Tra stime dei danni e accuse post-elezioni, un argomento che ho sentito fin troppe volte è che la vittoria di Trump sarebbe una reazione al “politicamente corretto”. Qualcuno ha accusato la sinistra di aver, negli ultimi otto anni, “demonizzato i bianchi” invece di concentrarsi sui problemi socioeconomici. Altri hanno strillato che liquidare i sostenitori di Trump come “penosi” sarebbe stata una mossa strategica stupida. E poi su Reason quello sfasciavetrine umano che è Robby Soave, il cui unico talento consiste nel riscrivere i sermoni di Reed Irvine e Dinesh D’Souza mettendoci sopra il suo nome, accusa letteralmente gli spazi protetti (luoghi nei campus dove le discussioni progressiste sono tabù, ndt) e le premesse preliminari (che avvertono sul possibile contenuto offensivo di uno scritto, ndt) di aver favorito Trump. (No, se c’è stato qualcosa che ha sconfitto la Clinton sono stati gli elettori democratici disgustati da un partito democratico che che ha abbracciato troppe di quelle politiche neoliberali, niente affatto libertarie, amate da Reason).

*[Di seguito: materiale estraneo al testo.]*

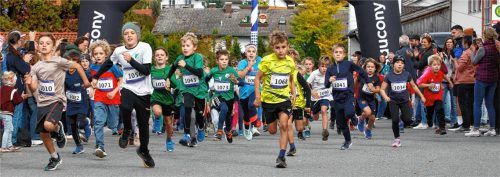 Der Massenstart zum Kinderlauf über 600 Meter.Foto Ludwig Stuffer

L’odio si sente dappertutto. Razzisti, sessisti, xenofobi e omofobi, dicono queste persone, hanno ragione a sentirsi offesi per gli attacchi al loro bigottismo. E anche se le critiche sono fondate, i marginalizzati avrebbero dovuto cercare di essere meno conflittuali per non alienarsi la classe lavoratrice bianca il cui sostegno era necessario per sconfiggere il fascismo. Sul serio: la scorsa primavera un anarchista greco mi ha chiesto se valeva la pena far vincere un fascista per difendere i diritti dei gay. Freddie DeBoer sostiene queste porcherie, anche se lui usa espressioni annacquate come “liberal con un lessico accademico” perché non gli va di dire chiaramente che neri e LGBT dovrebbero tacere per non offendere la classe lavoratrice.

Ma il senso di ingiustizia della destra culturale è infondato. Loro sono i primi a fare le vittime accusando gli altri di “vittimismo”.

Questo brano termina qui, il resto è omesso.